• **Work required**:
Beneath this line sits some data. Return only its lines from the one holding "The Reset Blue" through the one holding "Graduate Handwritten Script", inclusive, exactly, with the images removed.

• **Materials provided**:
'''

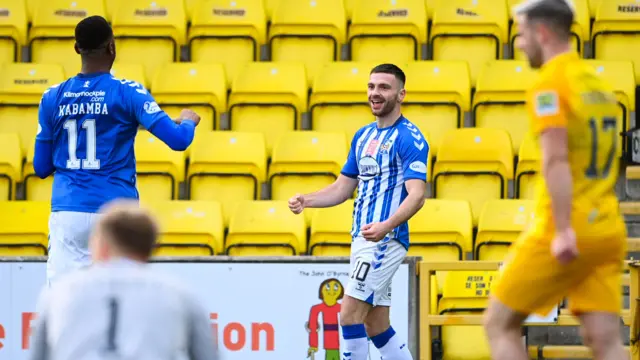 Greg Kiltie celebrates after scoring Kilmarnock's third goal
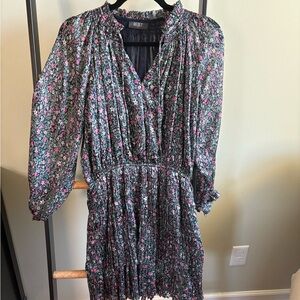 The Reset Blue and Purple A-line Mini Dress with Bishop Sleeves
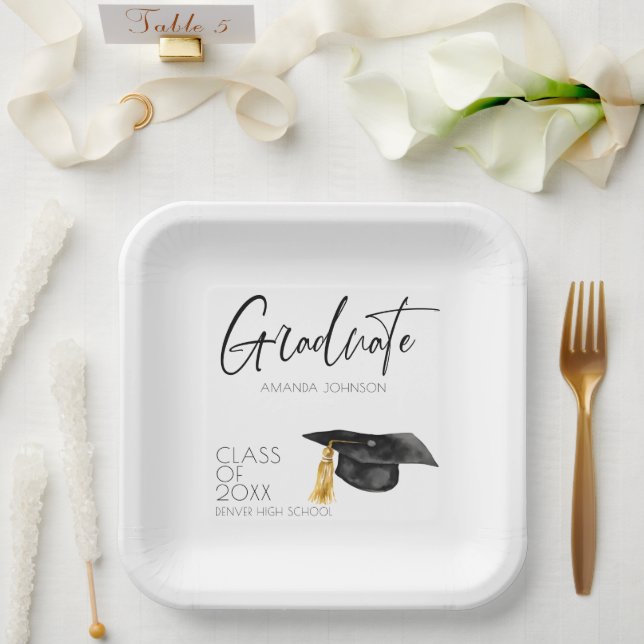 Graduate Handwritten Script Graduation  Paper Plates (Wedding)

'''
'''

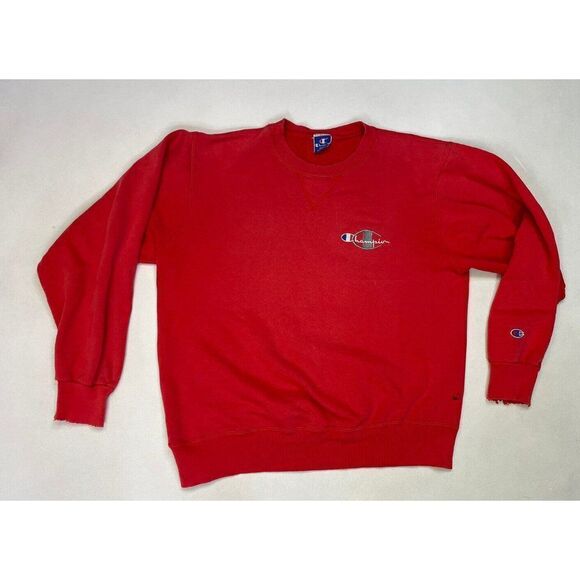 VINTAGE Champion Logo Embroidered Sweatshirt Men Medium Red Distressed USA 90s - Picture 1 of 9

'''

• **The completed task**:
 The Reset Blue and Purple A-line Mini Dress with Bishop Sleeves
 Graduate Handwritten Script Graduation  Paper Plates (Wedding)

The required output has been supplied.